» Brief
Each line from the one holding "GoldeN Formula Cães" to the last line below must be restated word for word, and no picture may be included.

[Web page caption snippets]
======

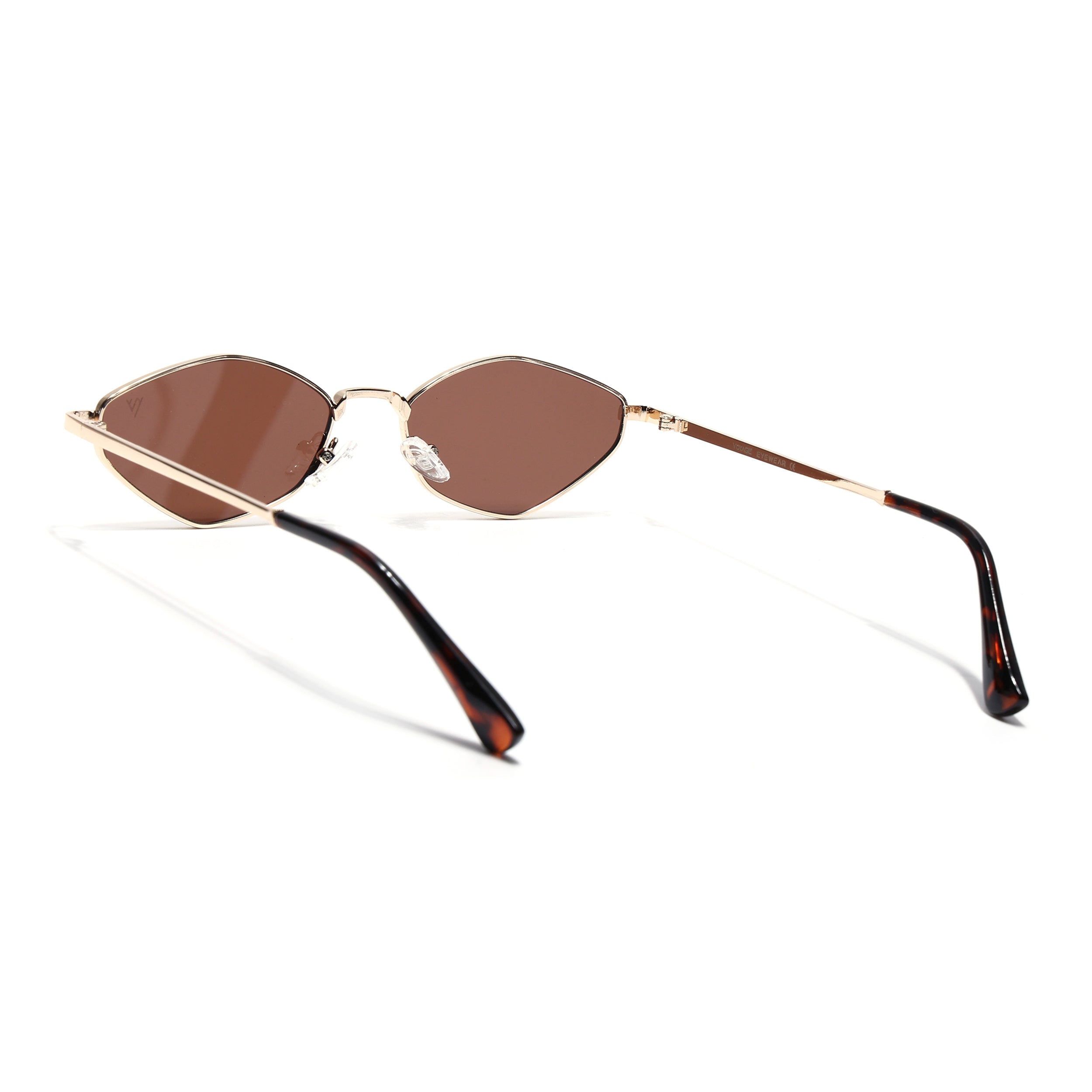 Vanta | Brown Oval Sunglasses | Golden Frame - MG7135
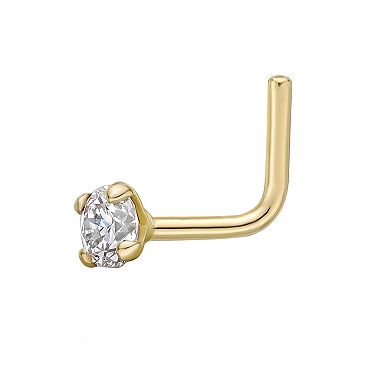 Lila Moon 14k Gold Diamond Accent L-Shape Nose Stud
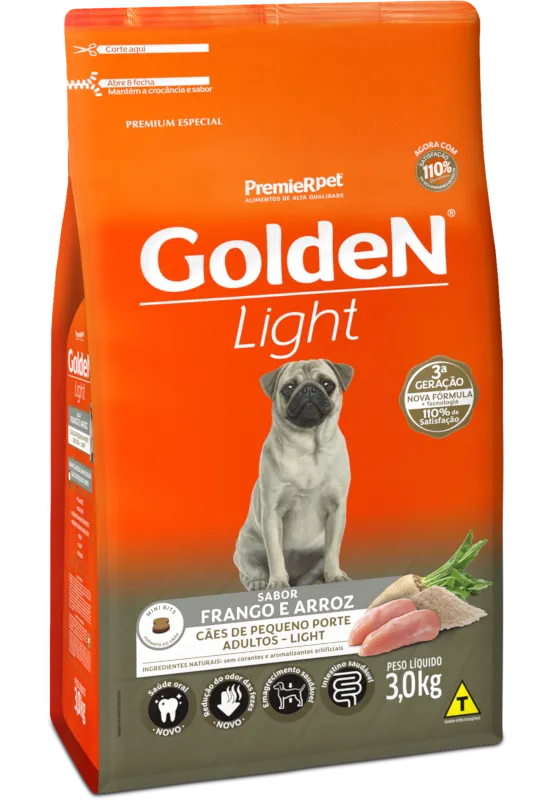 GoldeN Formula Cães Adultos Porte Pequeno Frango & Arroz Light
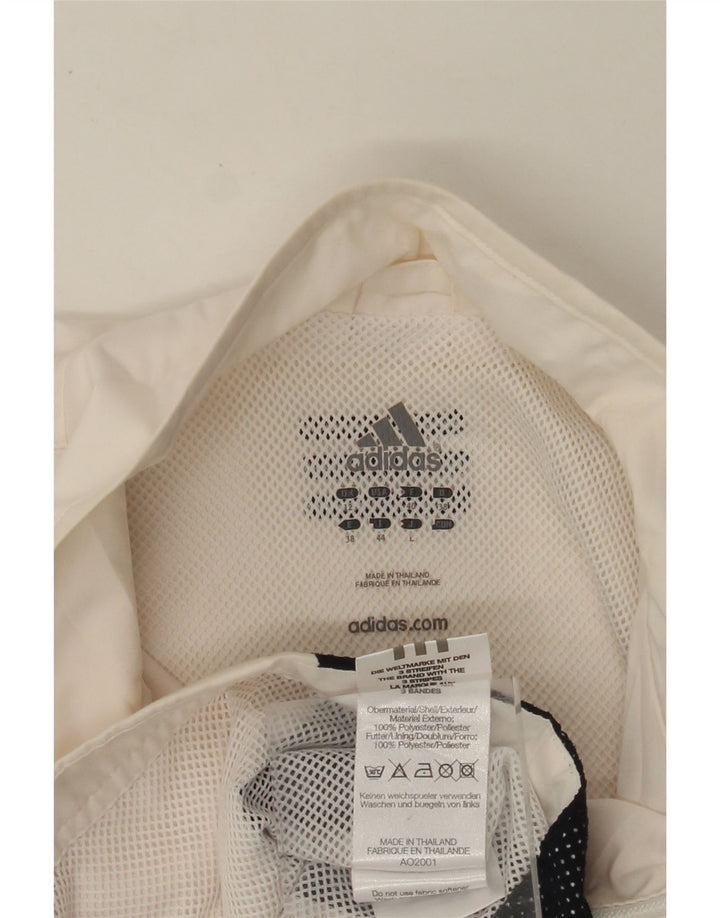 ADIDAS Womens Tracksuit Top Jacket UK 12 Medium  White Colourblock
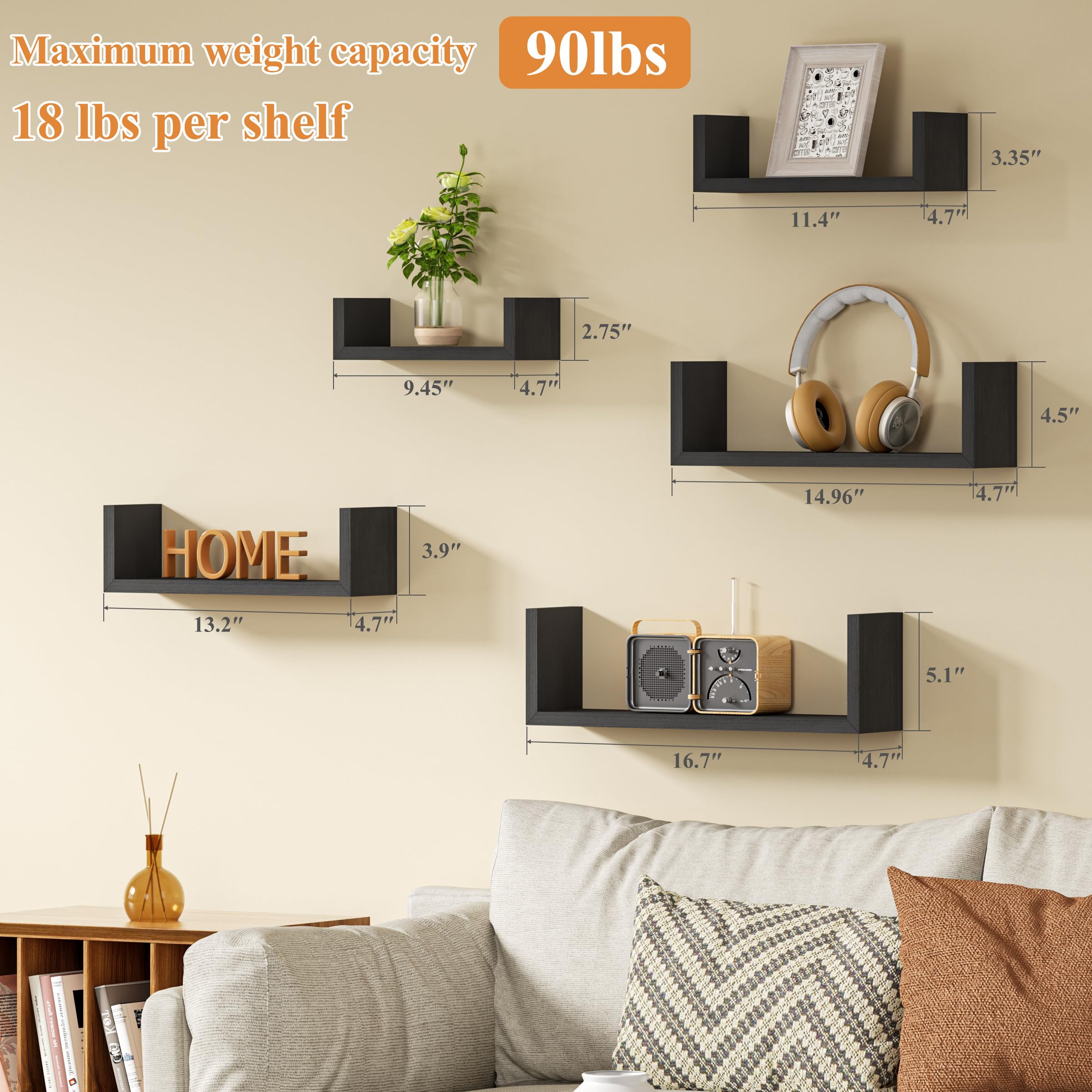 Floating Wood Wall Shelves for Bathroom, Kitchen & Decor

======

» Response below
 GoldeN Formula Cães Adultos Porte Pequeno Frango & Arroz Light
 ADIDAS Womens Tracksuit Top Jacket UK 12 Medium  White Colourblock
 Floating Wood Wall Shelves for Bathroom, Kitchen & Decor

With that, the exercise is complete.